### [DATASET CONTENT]
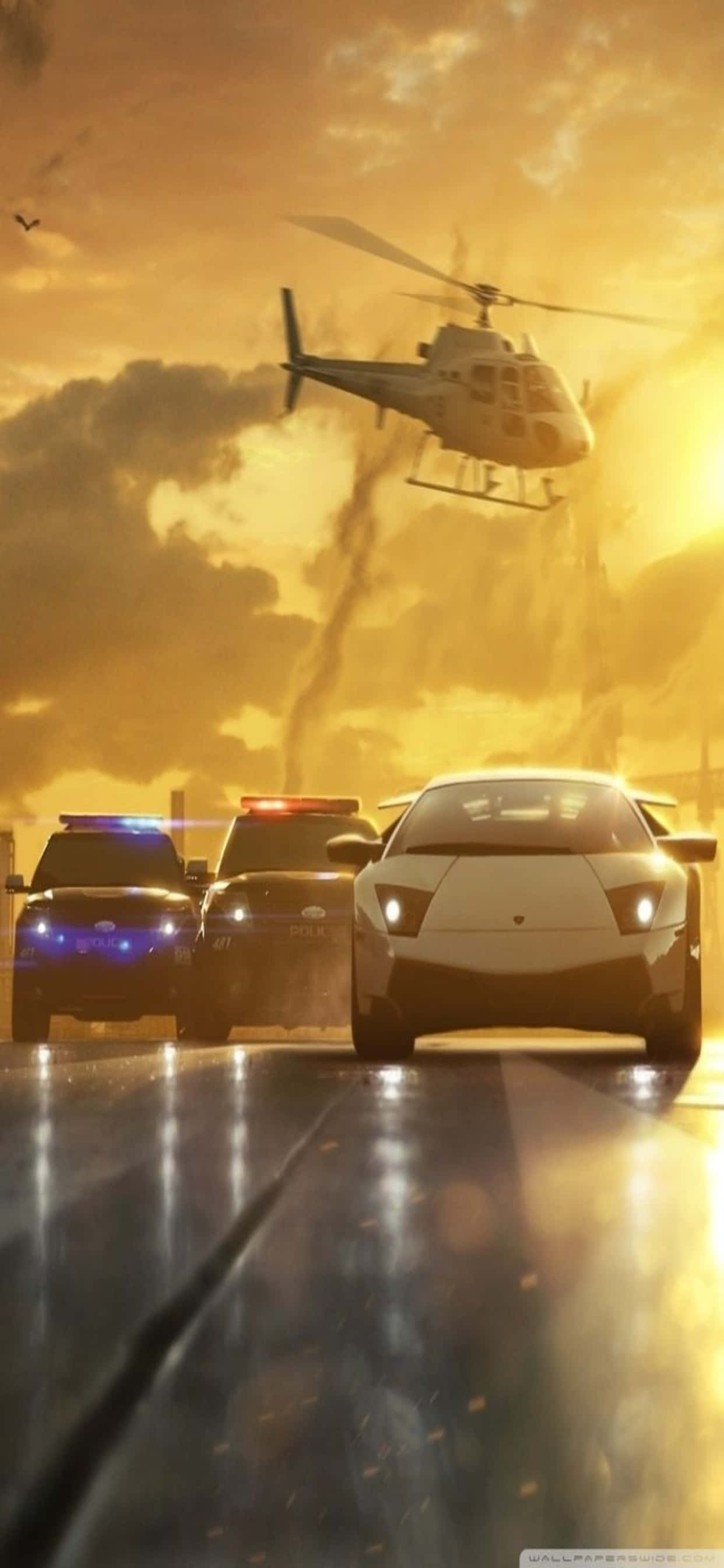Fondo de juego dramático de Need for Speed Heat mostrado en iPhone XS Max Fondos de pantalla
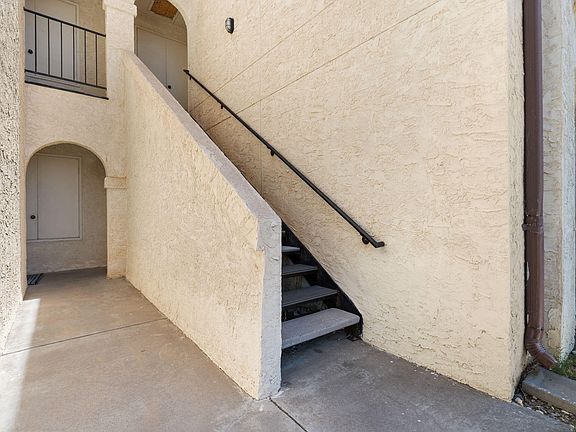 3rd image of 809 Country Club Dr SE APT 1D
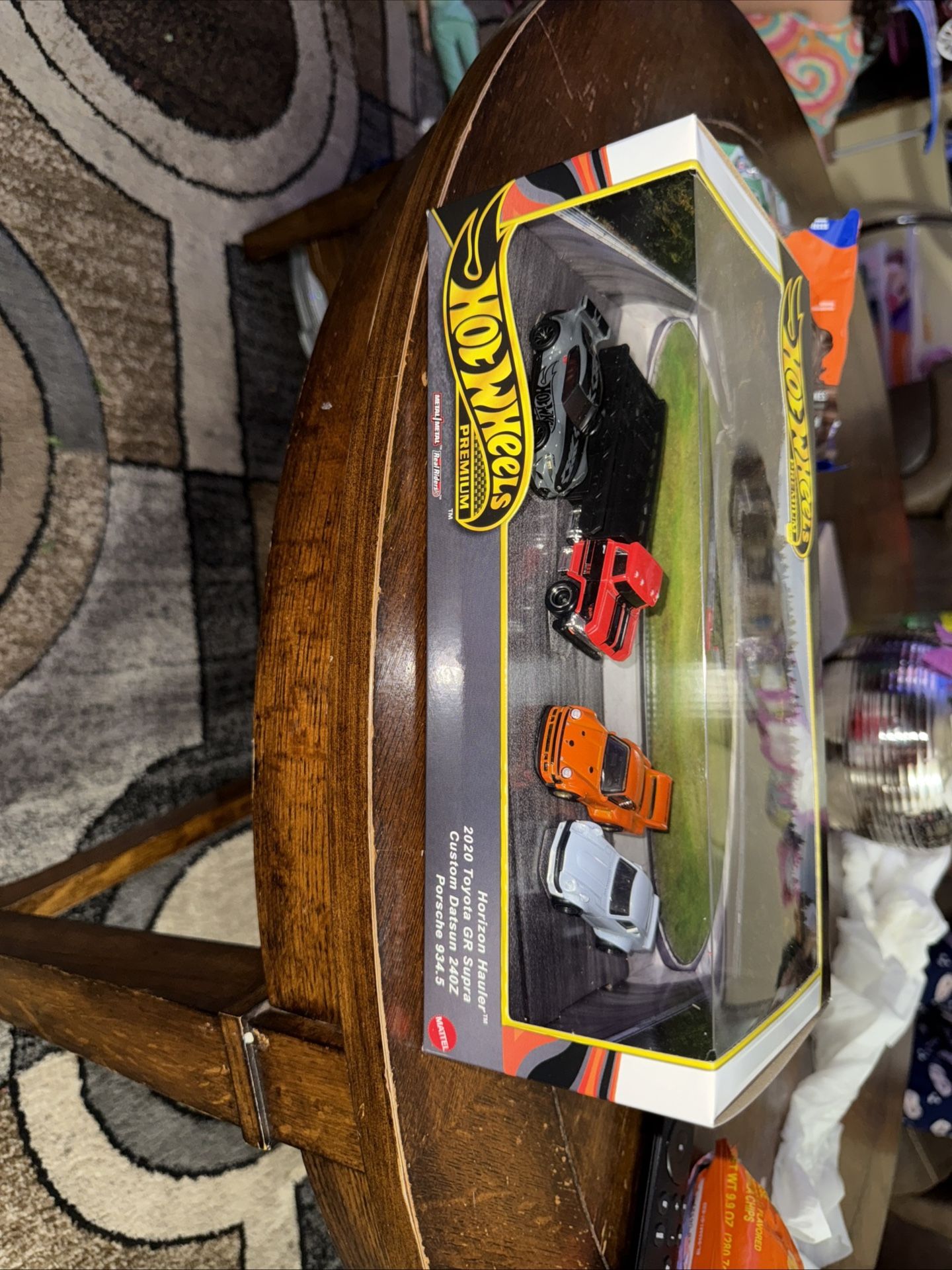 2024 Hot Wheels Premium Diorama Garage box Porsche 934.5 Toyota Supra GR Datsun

### [YOUR ASSIGNMENT]
Could you return exactly the lines starting with the one that contains "3rd image of 809 Country Club Dr SE APT 1D" and ending with the last line of the data above? Leave the pictures out.

### [PROBLEM SOLUTION]
 3rd image of 809 Country Club Dr SE APT 1D
 2024 Hot Wheels Premium Diorama Garage box Porsche 934.5 Toyota Supra GR Datsun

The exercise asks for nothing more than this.